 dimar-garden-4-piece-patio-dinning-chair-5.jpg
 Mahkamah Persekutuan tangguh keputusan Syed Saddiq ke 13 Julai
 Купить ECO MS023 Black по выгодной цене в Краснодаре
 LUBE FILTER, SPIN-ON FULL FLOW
= = = = =
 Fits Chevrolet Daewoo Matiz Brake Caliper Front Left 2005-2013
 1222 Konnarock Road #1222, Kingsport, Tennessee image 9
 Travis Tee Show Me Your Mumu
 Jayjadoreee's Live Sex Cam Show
= = = = =
* **Problem description**:
When a line in the material contains the string "Show", copy that line.

* **Expected answer**:
 Travis Tee Show Me Your Mumu
 Jayjadoreee's Live Sex Cam Show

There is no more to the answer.